Doing More in Little Rock

North Little Rock Community Farm feeds the homeless, including fellow students.

In a corner of North Little Rock High School’s East campus, across from the expansive parking lot, a small plot of land has been turned into a working community farm thanks to the persistence of students, administrators and one dogged banker.

Delena Lattimore, now a high school senior, was one of the first to envision what would become North Little Rock Community Farm just across the river from the Arkansas state capitol.

“When I got to ninth grade, I knew nothing about farming,” says Delena. “But I remembered a garden we’d had in middle school that we used for science class. I saw the land here, and no one was taking care of it. So, why not a farm?”

Before, during and after school – and on weekends, despite high school football games, dances and family commitments – the students at North Little Rock High toil to turn their urban oasis into something that gives back to the community. With 50-plus vegetable crops and livestock, the students produce food for the homeless.

Including their fellow students.

“For many students, the meal they get at school may be the only meal they’ll eat all day,” says Bobbi Riggins, a social worker who helps distribute the food produced at NLRCF. “These students are putting food on tables, food many students wouldn’t have otherwise.”
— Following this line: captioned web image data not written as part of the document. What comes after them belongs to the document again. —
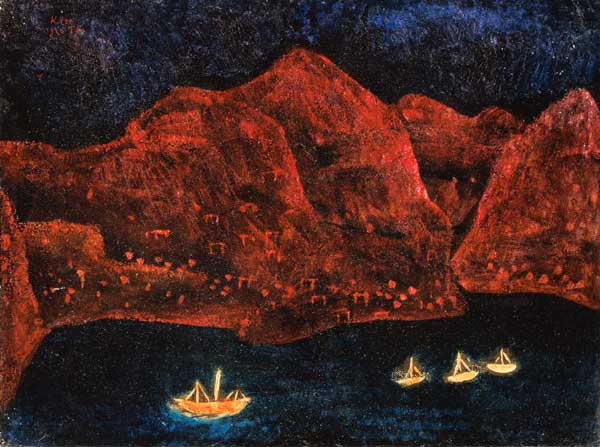 Suedliche Kueste abends, 1925. à Paul Klee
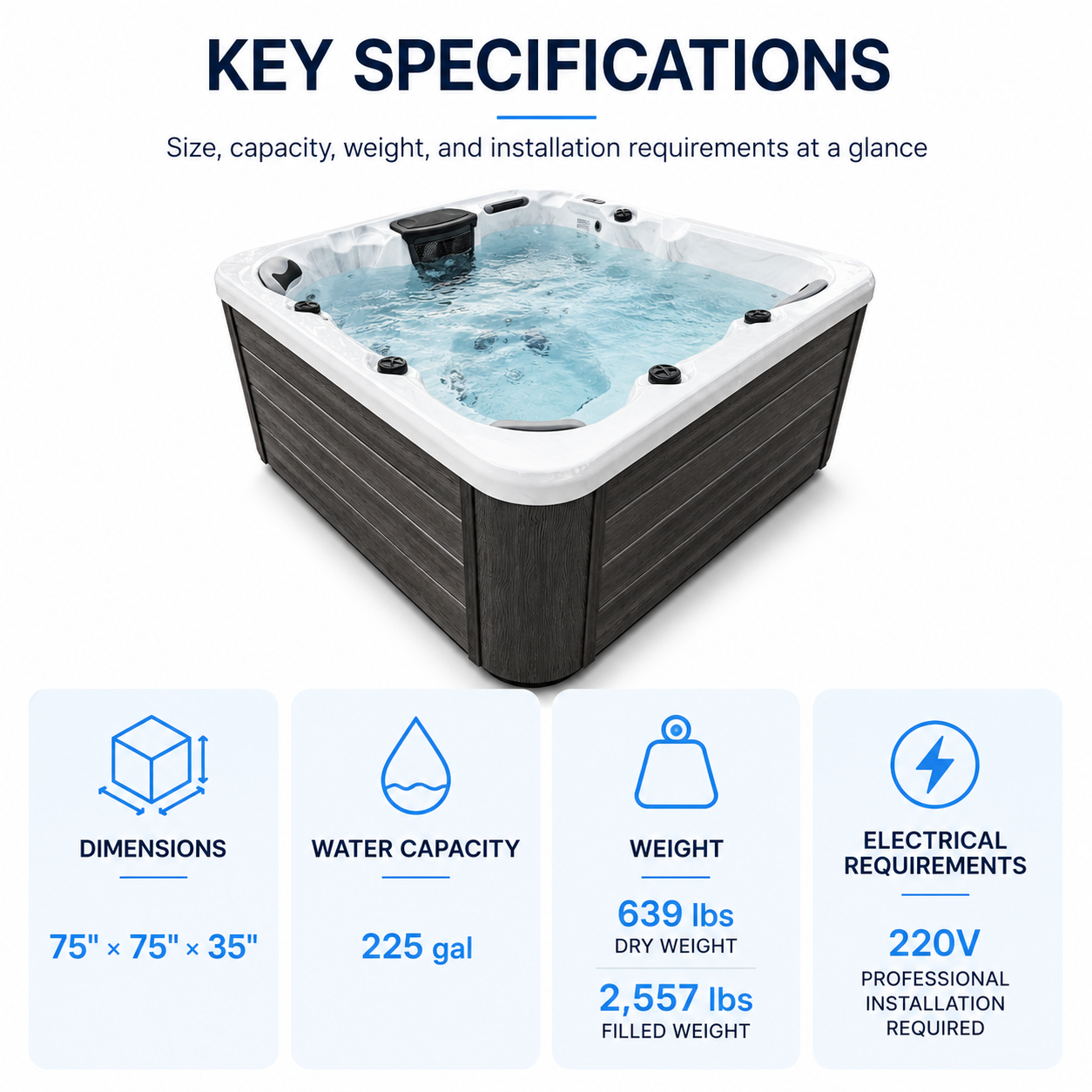 2026 Sunrans 5L34-2 Hot Tub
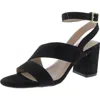 Giani Bernini Cheryll Womens Block Heel Faux Suede Ankle Strap In Multi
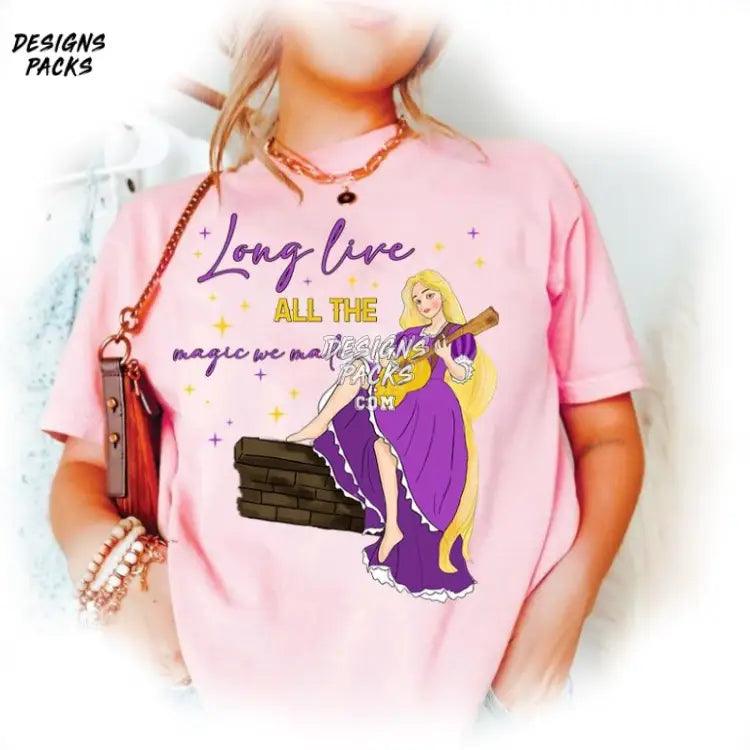 All The Magic We Made Kingdom Lights Lost Princess Cartoon Rapunzel Concert Tangled Png Design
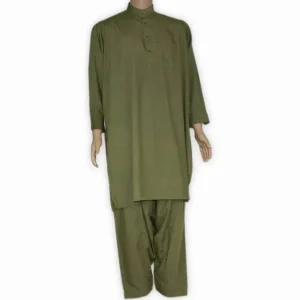 Salwar Kameez Herren - Khakigrün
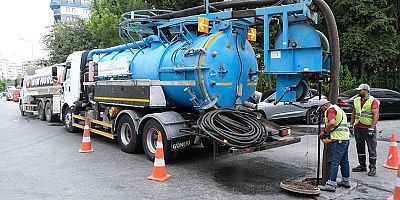 ASAT Alanya’da yağmursuyu hatlarını temizliyor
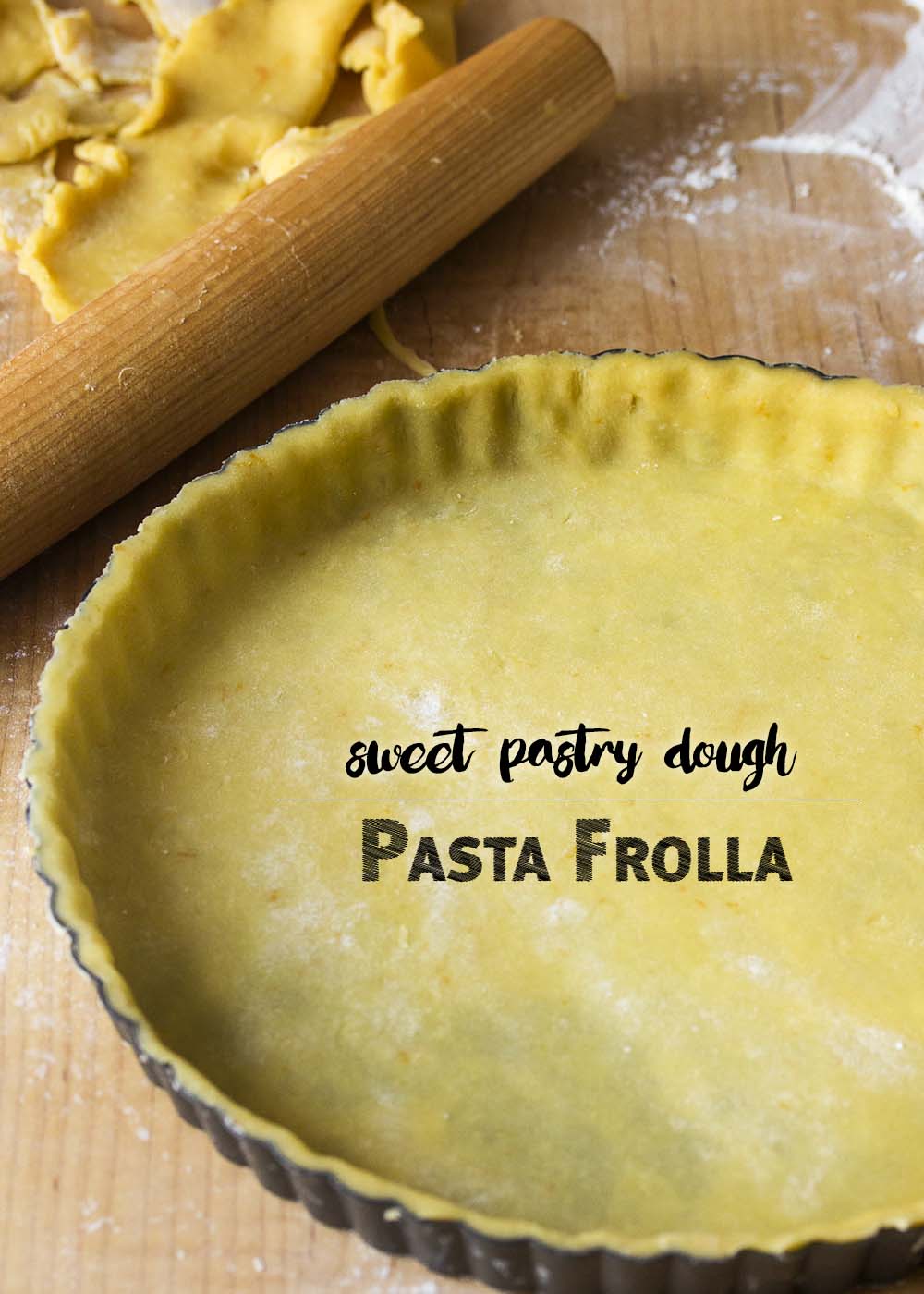 Looking for a pasta frolla recipe in English? I have a step by step method with pictures of the classic recipe for Italian sweet pastry dough. | justalittlebitofbacon.com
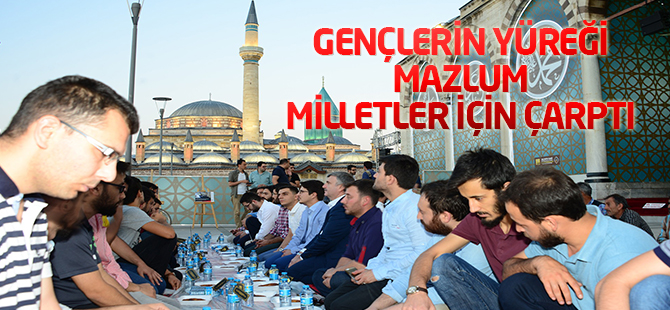 Gençlerin yüreği mazlum milletler için çarptı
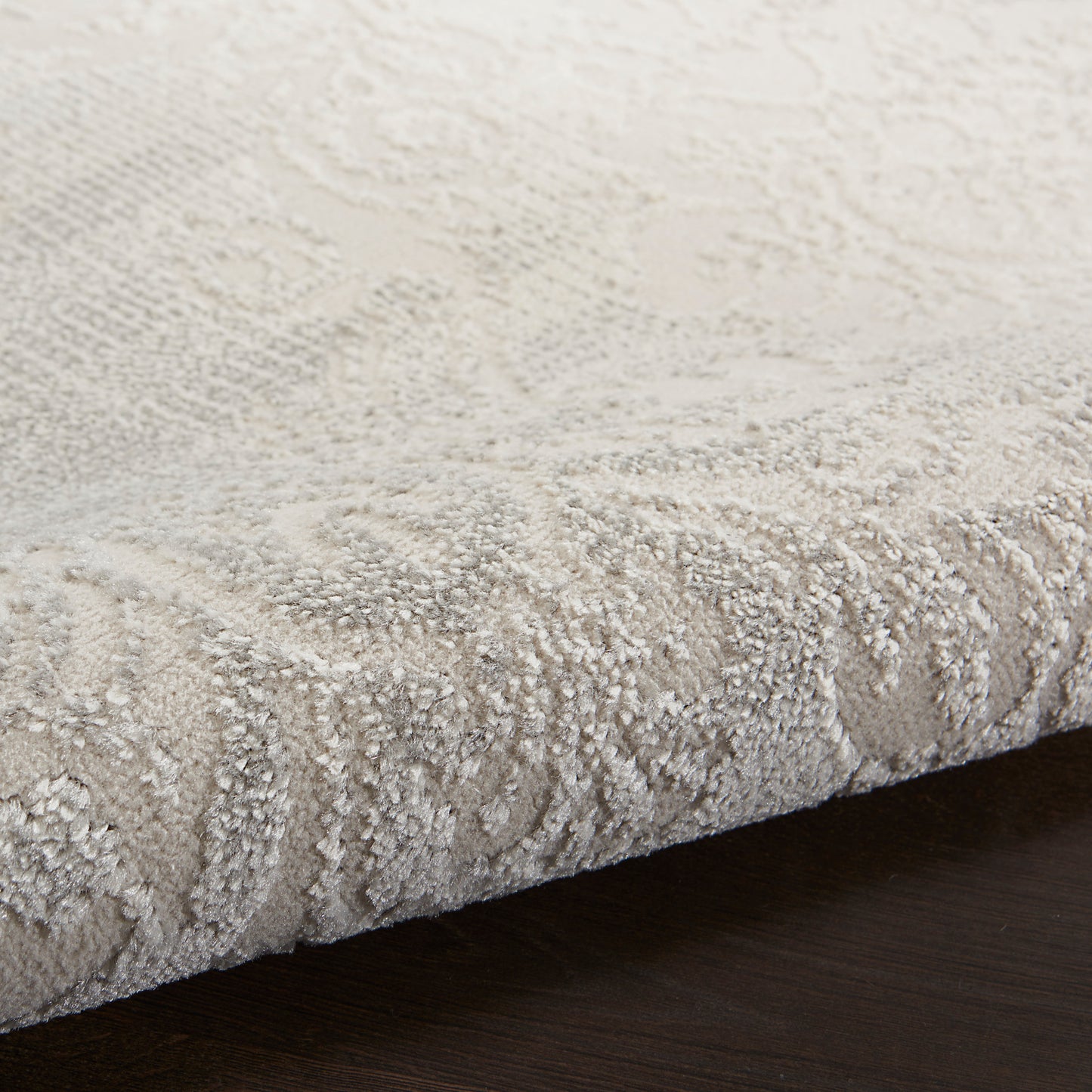 Nourison Home Elation  Ivory Grey  Traditional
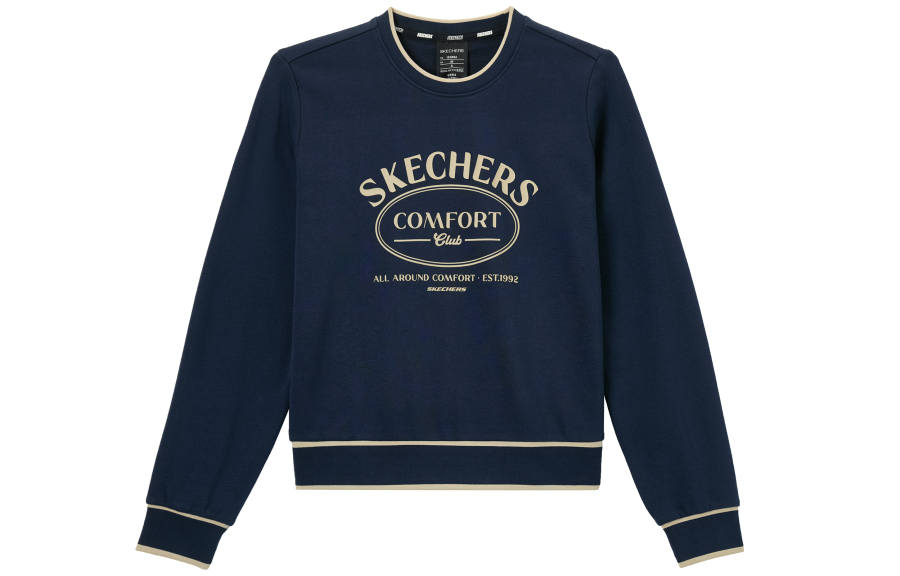 Skechers Sweatshirt Women's Navy Blue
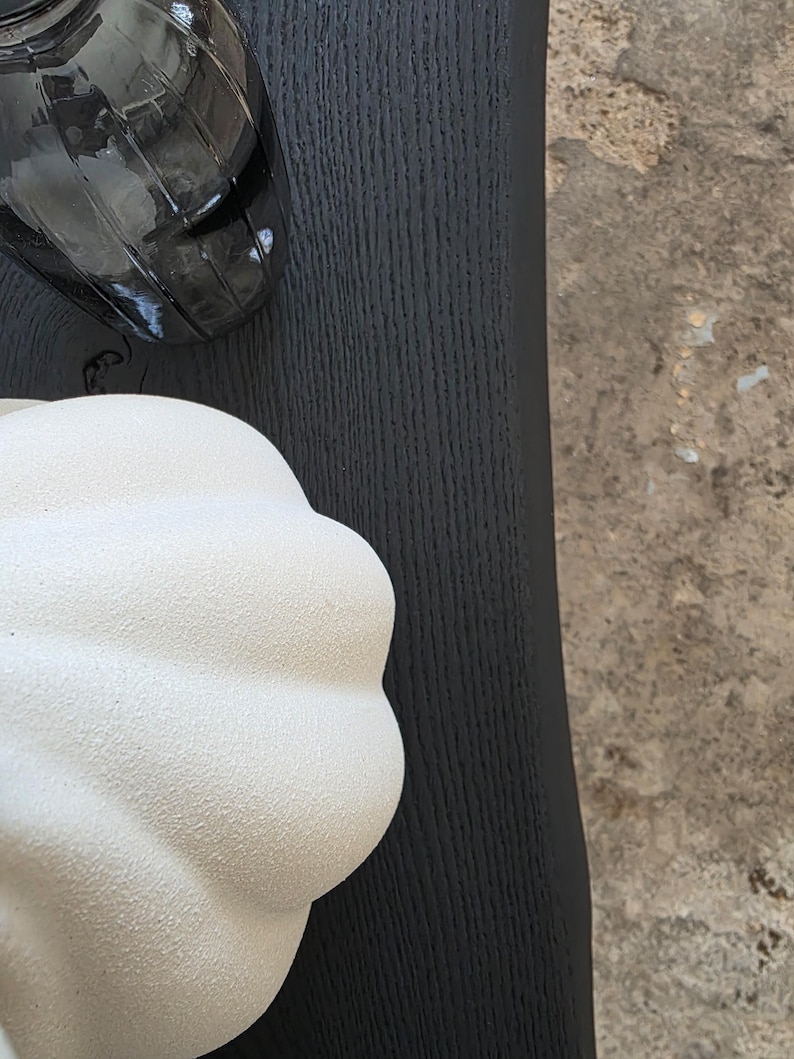 Console Table Wabi Sabi Black Bench Japanese Solid Wood Furniture Wood Slab Bench Industrial Reclaimed Wood Bench Modern Home Bench Narrow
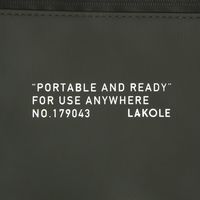 ポーチ　撥水 WRフラットポーチ カーキ LAKOLE/ラコレ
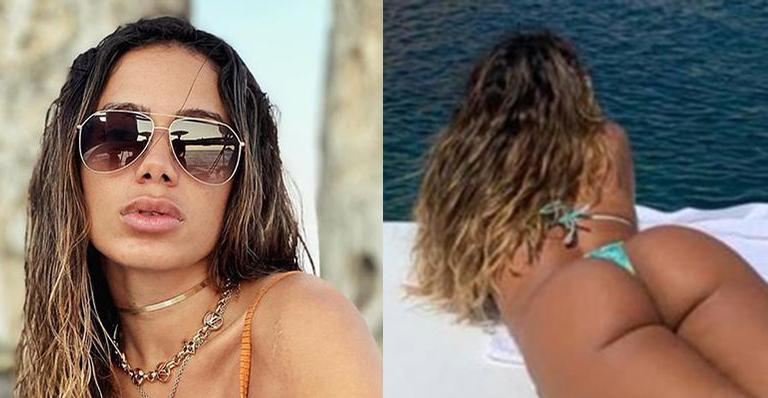 Causando, Anitta gera comoção ao mostrar bumbum lisinho em passeio de barco na Itália
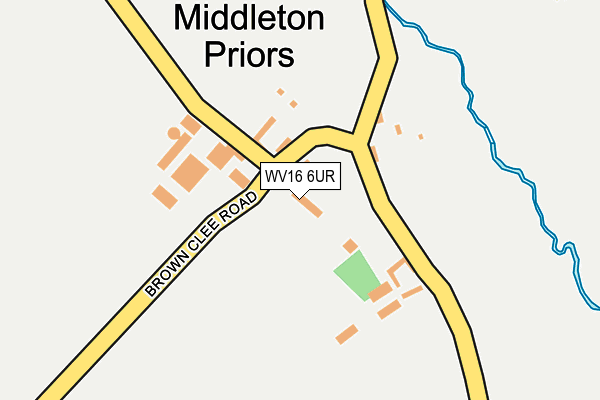 WV16 6UR map - OS OpenMap – Local (Ordnance Survey) WV16 6UR map - OS OpenMap – Local (Ordnance Survey)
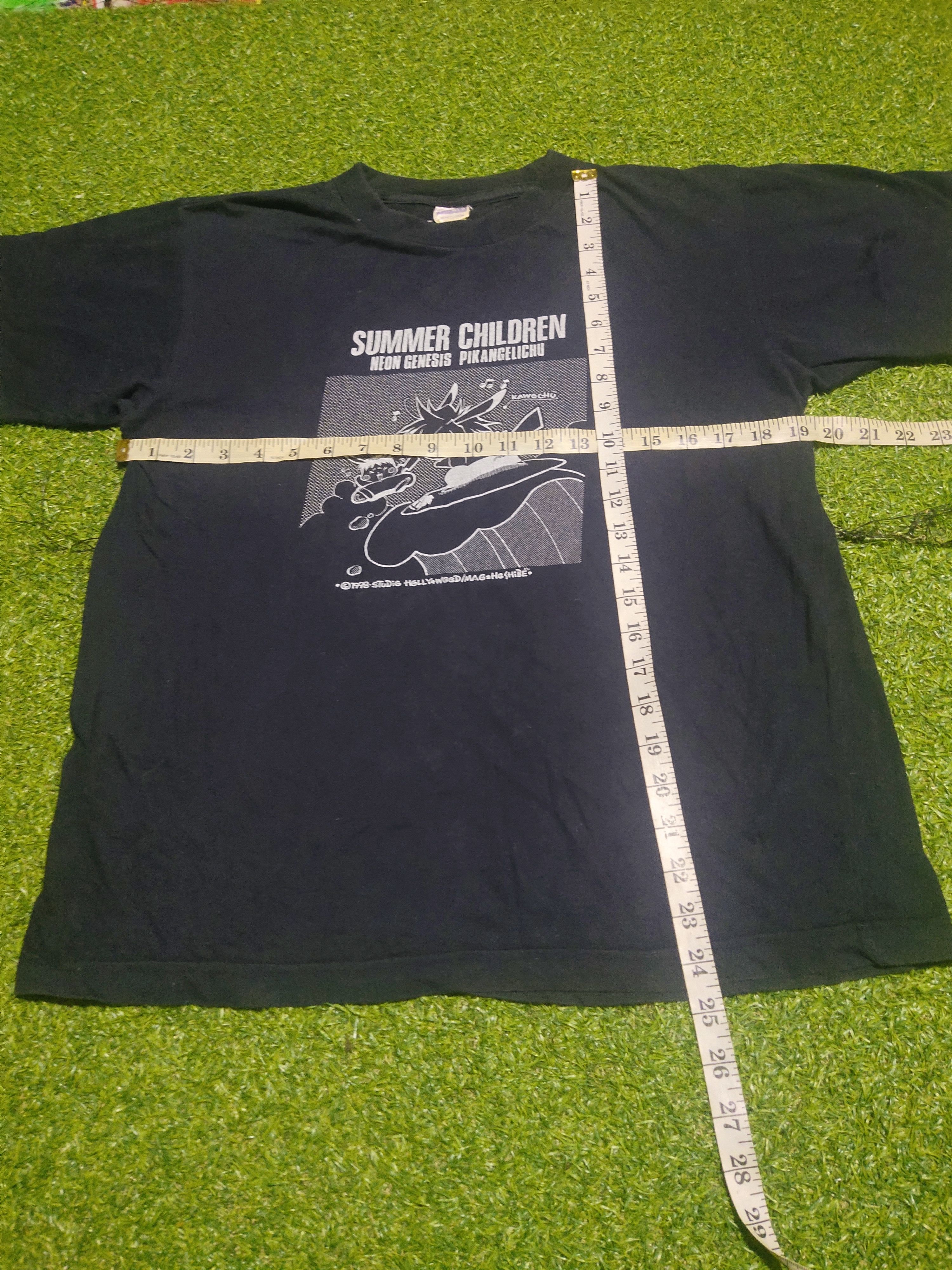 Anime × Vintage VINTAGE RARE EVANGELION X PIKACHU PARODY ANIME MOVIE Size US M / EU 48-50 / 2 - 2 Thumbnail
According to Bobbi, there were 696 homeless students throughout the North Little Rock school district during the 2013-14 academic year. Seventy percent of the students receive free or reduced lunches, due to their family incomes. Five high school students lived without parental supervision as “unaccompanied youths.”

So, each week, Bobbi gathers the latest food – produce, eggs – and distributes to the families of students who have asked for help, sending it home in unassuming backpacks. The backpacks alleviate potential embarrassment for students who don’t want to be seen receiving extra help.

“This isn’t just a school activity to these students,” Bobbi says. “They’ve accomplished something and they know where the food is going. They’ve learned a valuable lesson: that it makes you feel good to make others feel good.”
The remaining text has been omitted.